Oceana is also calling on ICCAT to address overfishing of swordfish in the Mediterranean Sea. This stock remains completely unmanaged despite ICCAT’s knowledge that overfishing has occurred for years and between 50 to 70 percent of the catches are of juvenile fish that have never reached reproductive age. Oceana believes that in order to preserve this species, a comprehensive management plan is needed that is science-based and includes catch limits, restricts access to surface longliners, requires a minimum landing size and contains enforcement provisions.

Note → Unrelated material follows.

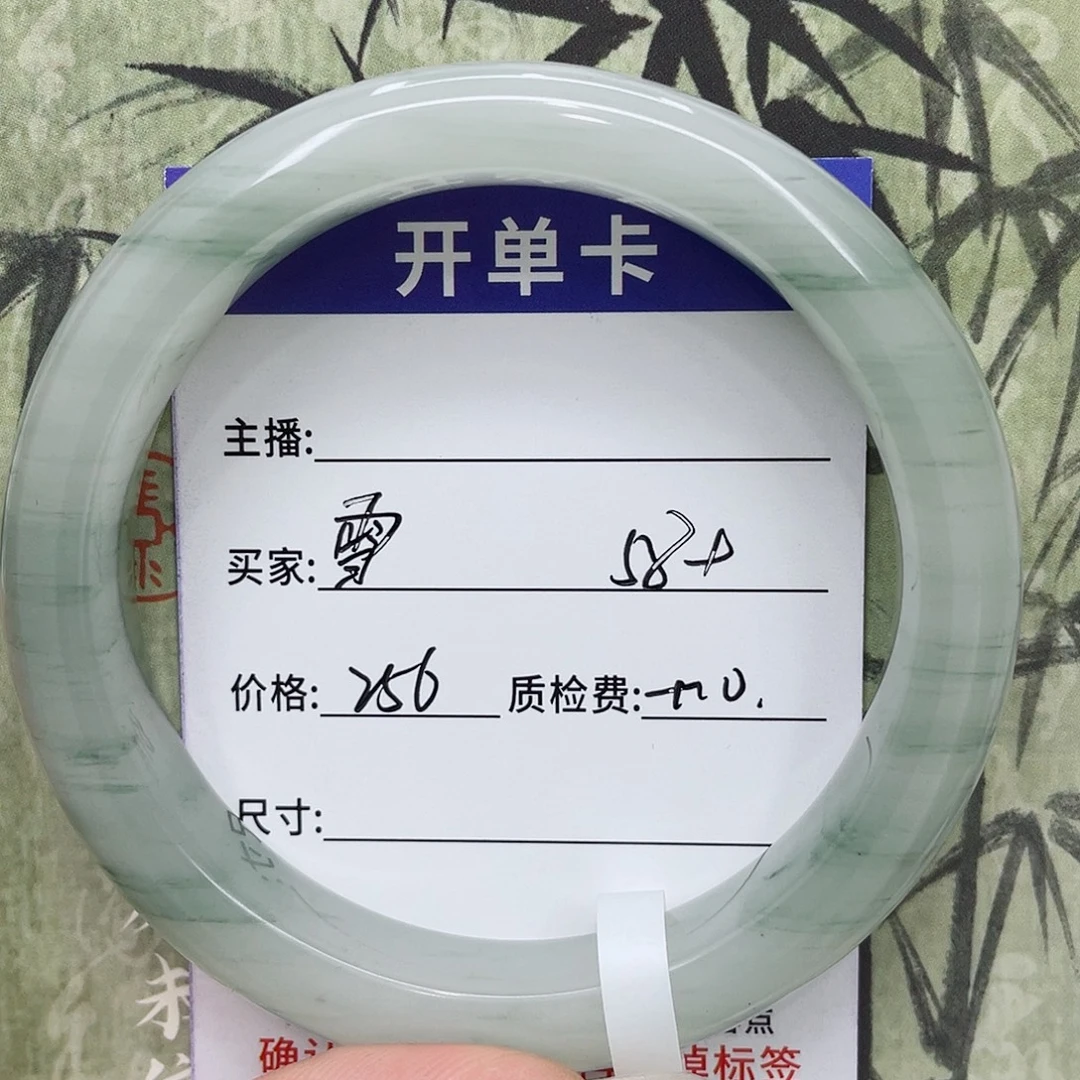 雪****石英质玉未镶嵌手镯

“Chronic illegal fishing and lack of management in the Mediterranean is transforming the basin into an empty sea,” said Maria Jose Cornax, fisheries campaign manager for Oceana Europe. “Without immediate action, Mediterranean swordfish and other important ICCAT species will soon face the same situation that continues to plague bluefin tuna.”
Bycatch is also a large problem in ICCAT fisheries. Each year, numerous vulnerable species, including sea turtles, marine mammals and sea birds, are caught as bycatch in these fisheries. Oceana is also calling on ICCAT to establish a system that requires these catches to be reported, assesses the impact of the fisheries on these species and creates mitigation measures to reduce their capture.
Late-last week, United States Senators Kerry, Leahy, Bingaman, Lieberman, Boxer, Snowe, Wyden, Reed, Lautenberg, Cardin, Whitehouse, Merkley and Begich, showed their support for U.S. action to protect sharks at ICCAT by sending a letter to Dr. Jane Lubchenco, Administrator of the National Oceanic and Atmospheric Administration.